[Opening DATASET EXCERPT section]

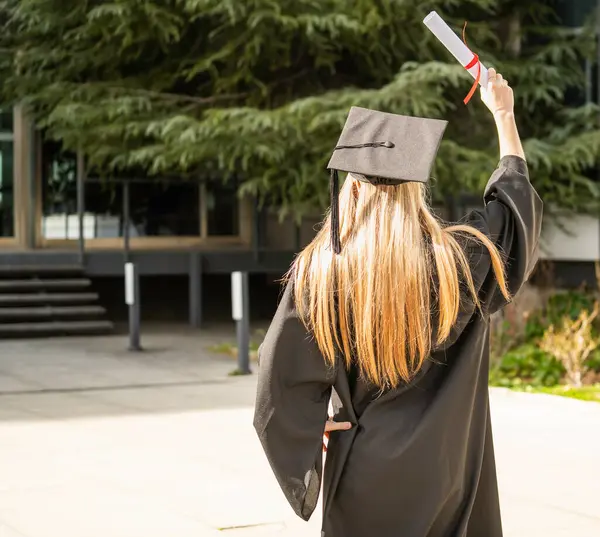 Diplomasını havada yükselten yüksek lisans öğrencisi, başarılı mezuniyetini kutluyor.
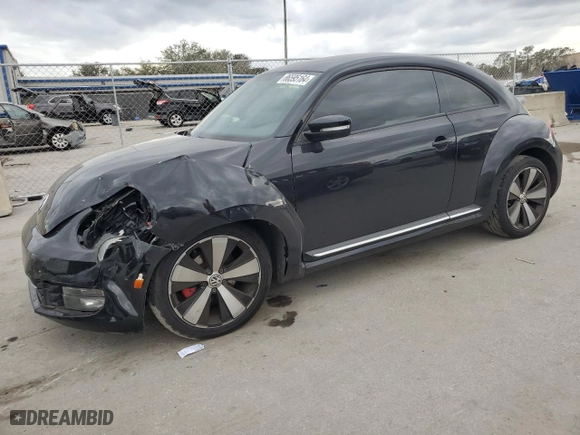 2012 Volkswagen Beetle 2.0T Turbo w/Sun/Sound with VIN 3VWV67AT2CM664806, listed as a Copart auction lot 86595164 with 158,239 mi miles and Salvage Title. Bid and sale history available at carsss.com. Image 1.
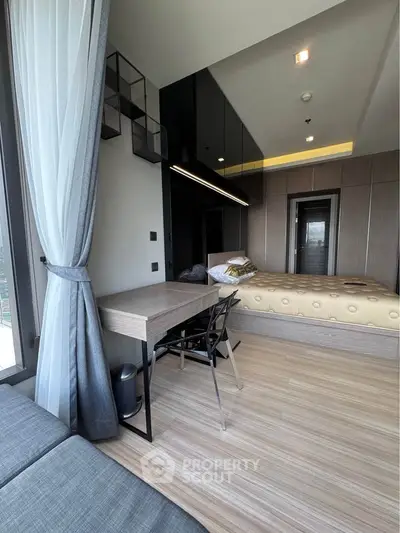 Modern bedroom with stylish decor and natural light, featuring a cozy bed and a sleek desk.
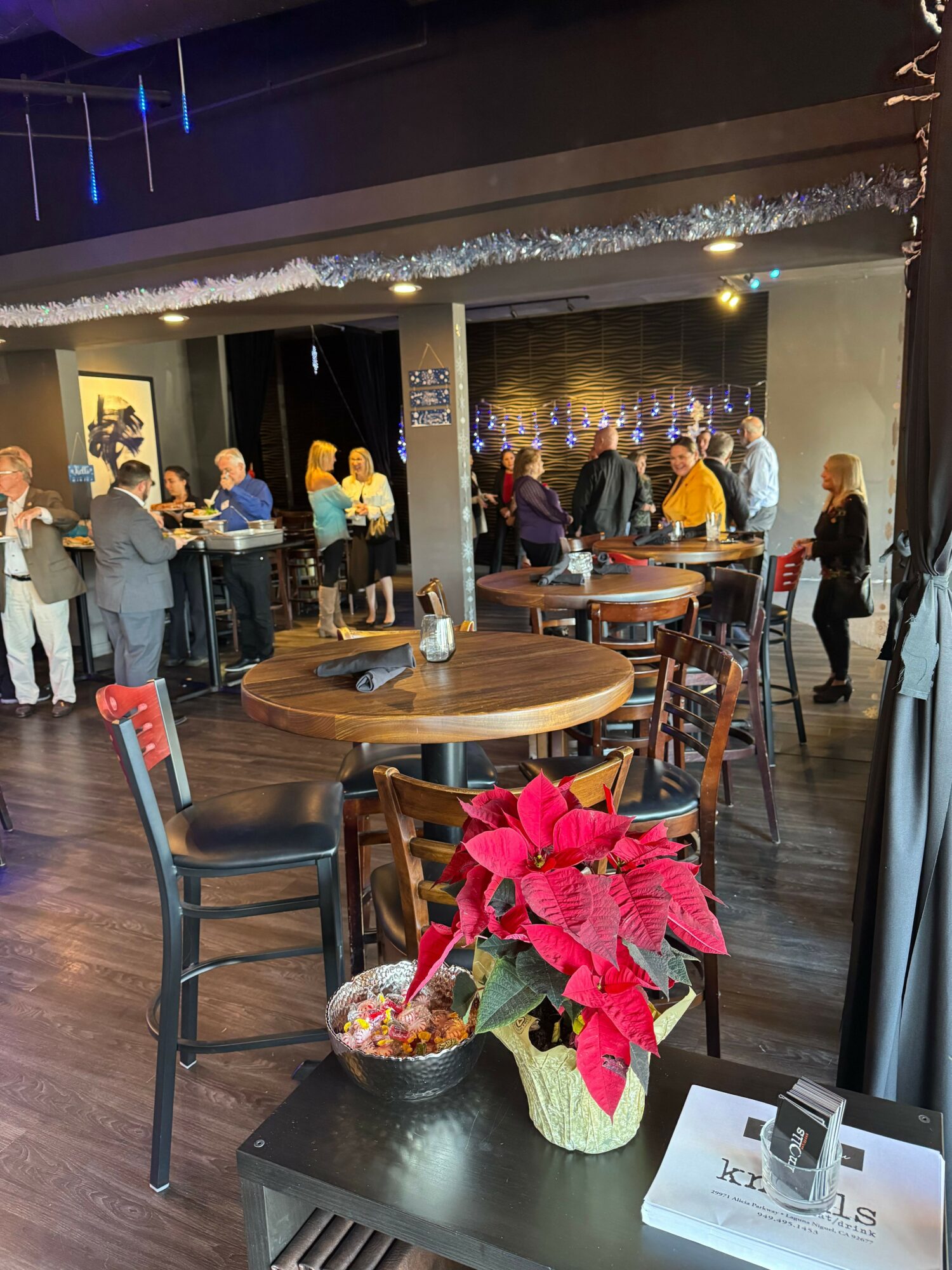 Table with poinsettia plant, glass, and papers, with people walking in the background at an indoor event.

[Closing DATASET EXCERPT section]

▶ _TASK GOAL_:
A verbatim rendering of the listing above is required, without any of its pictures.

▶ _RESULT_:
 Diplomasını havada yükselten yüksek lisans öğrencisi, başarılı mezuniyetini kutluyor.
 2012 Volkswagen Beetle 2.0T Turbo w/Sun/Sound with VIN 3VWV67AT2CM664806, listed as a Copart auction lot 86595164 with 158,239 mi miles and Salvage Title. Bid and sale history available at carsss.com. Image 1.
 Modern bedroom with stylish decor and natural light, featuring a cozy bed and a sleek desk.
 Table with poinsettia plant, glass, and papers, with people walking in the background at an indoor event.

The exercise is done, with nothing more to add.